United States Parole Commission Extension Act of 2013
- Long title: To provide for the continued performance of the functions of the United States Parole Commission, and for other purposes.
- Enacted by: the 113th United States Congress

Citations
- Public law: Pub. L. 113–47 (text) (PDF)
- Statutes at Large: 127 Stat. 572

Codification
- Acts amended: Sentencing Reform Act of 1984
- U.S.C. sections amended: 18 U.S.C. § 3551, 18 U.S.C. ch. 311

Legislative history
- Introduced in the House as H.R. 3190 by Rep. Steve Chabot (R, OH-1) with 4 co-sponsors on September 26, 2013; Committee consideration by House Judiciary; House Subcommittee on Crime, Terrorism, Homeland Security and Investigations; Passed the House on October 14, 2013 (unanimous consent); Passed the Senate on October 30, 2013 (unanimous consent); Signed into law by President Barack Obama on October 31, 2013;

= United States Parole Commission Extension Act of 2013 =

The United States Parole Commission Extension Act of 2013 is a federal law that extended the existence of the United States Parole Commission an additional five years until November 2018. The law also requires the Commission to file a report with Congress on their activities. The United States Parole Commission is the parole board responsible to grant or deny parole and to supervise those released on parole to incarcerated individuals who come under its jurisdiction. It is part of the United States Department of Justice.

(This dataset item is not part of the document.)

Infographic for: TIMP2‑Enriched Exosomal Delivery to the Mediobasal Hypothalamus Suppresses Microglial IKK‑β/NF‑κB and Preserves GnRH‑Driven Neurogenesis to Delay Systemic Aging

==Provisions of the bill==
The United States Parole Commission Extension Act of 2013 extends the existence of the United States Parole Commission for another 5 years. It does this by amending the Sentencing Reform Act of 1984 ( note; Public law 98-473). The law requires the Parole Commission to write a report for the United States House Committee on the Judiciary and the United States Senate Committee on the Judiciary about the parole commission and its activities. Seventeen different items are required in this report, including information about the number of record reviews done, the number of offenders the commission has jurisdiction over, the number of hearings held, and their expenditures.

==Procedural history==
The United States Parole Commission Extension Act of 2013 was introduced into the United States House of Representatives on September 26, 2013 by Rep. Steve Chabot (R, OH-1). It was referred to the United States House Committee on the Judiciary and the United States House Judiciary Subcommittee on Crime, Terrorism, Homeland Security and Investigations. On October 14, 2013, the House voted to pass the bill by unanimous consent. The United States Senate voted on October 30, 2013 to pass the bill by unanimous consent, and the bill was signed into law by President Barack Obama on October 31, 2013, extending the life of the U.S. Parole Commission until November 2018.

==Debate and discussion==
Senator Patrick Leahy argued in favor of the bill for reasons of public safety. According to Leahy, "the consequences of failing to reauthorize the Commission would be dire," because without the Commission to provide parole hearings, 3,500 inmates would be released.